You may have to change the instance types specified in the file above. If an instance type is not available in the Region you are operating in, the CloudFormation stack that eksctl creates to deploy that node group will fail.

Create a cluster using the spec file:

eksctl create cluster -f ekscluster.yaml 

Once the cluster is created, you can view Spot instances in your cluster using kubectl:

kubectl get nodes --label-columns=lifecycle --selector=lifecycle=Ec2Spot

NAME                                          STATUS   ROLES    AGE    VERSION                LIFECYCLE
ip-192-168-18-89.us-west-2.compute.internal   Ready    <none>   152d   v1.16.12-eks-904af05   Ec2Spot
ip-192-168-60-78.us-west-2.compute.internal   Ready    <none>   152d   v1.16.12-eks-904af05   Ec2Spot

Next, we’ll taint the Spot instances with PreferNoSchedule. This taint ensures only the pods that tolerate this taint run on Spot instances. All other pods will run on the On-Demand nodes.

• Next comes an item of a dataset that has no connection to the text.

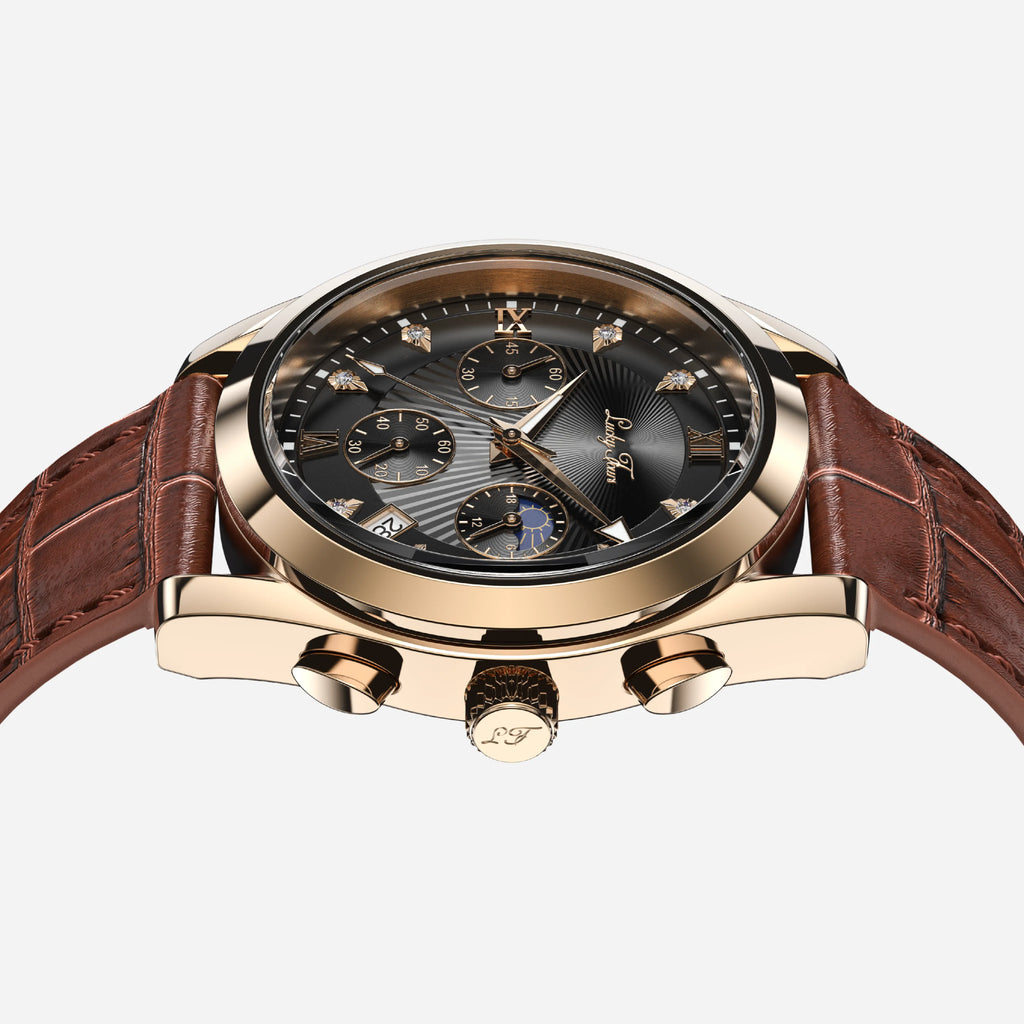 Lucky Fours Voyager Men's Watch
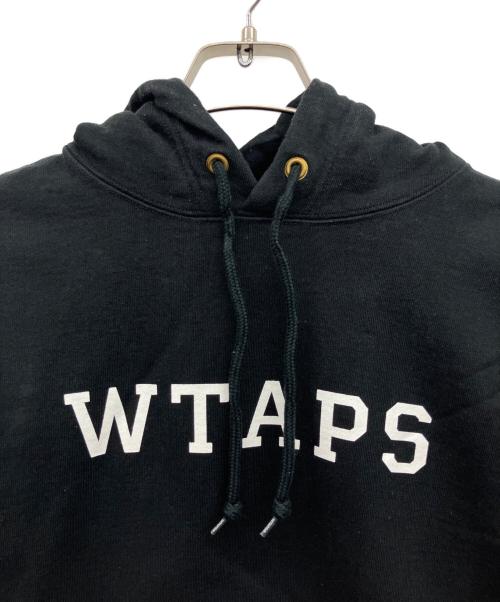 WTAPS（ダブルタップス）WTAPS (ダブルタップス) パーカー ブラック サイズ:02の古着・服飾アイテム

Taint all Spot instances with spotInstance=true:PreferNoSchedule:

for node in `kubectl get nodes --label-columns=lifecycle --selector=lifecycle=Ec2Spot -o go-template='{{range .items}}{{.metadata.name}}{{"\n"}}{{end}}'` ; do
  kubectl taint nodes $node spotInstance=true:PreferNoSchedule
done

Using kubectl describe node <<Spot-node-name>> verify the application of the taint. You should see the taint configured like this:

Name:  ip-192-168-9-94.eu-west-2.compute.internal
...
Labels:  lifecycle=Ec2Spot
...
Taints:  spotInstance=true:PreferNoSchedule

Prepare environment

As we trigger Airflow workflows, we need to ensure that the EKS cluster has enough capacity to run workflows. The EKS data plane size should grow when the cluster runs out of capacity, and it should remove nodes when they are not required.

We’ll use cluster autoscaler to autoscale the EKS data plane. The cluster autoscaler automatically adds nodes in your cluster when pods fail to launch due to a lack of resources. Conversely, it will remove nodes when they are underutilized, and their pods can be rescheduled onto other nodes in the cluster.

Airflow needs persistent storage to store its data and configurations. We will use Amazon EFS to provide persistent storage for the Airflow pod. Airflow uses PostgresSQL database to store metadata. We will create an Amazon RDS PostgreSQL to use with Airflow.

Follow these steps to create the resources mentioned above:

git clone https://github.com/aws-samples/airflow-for-amazon-eks-blog.git

cd airflow-for-amazon-eks-blog/scripts
. ./setup_infra.sh

The script installs cluster autoscaler and the EFS CSI Driver in the EKS cluster using Helm. It creates an EFS filesystem, access point, and creates mount points in three Availability Zones. It also creates an Amazon ECR repository to store Airflow container image and an RDS PostgreSQL database instance.

Deploy Airflow

With the cluster setup complete, we can now deploy Airflow in the cluster. We will build a custom Airflow container image that includes sample DAGs. Alternatively, you can use Helm to deploy Airflow in your cluster.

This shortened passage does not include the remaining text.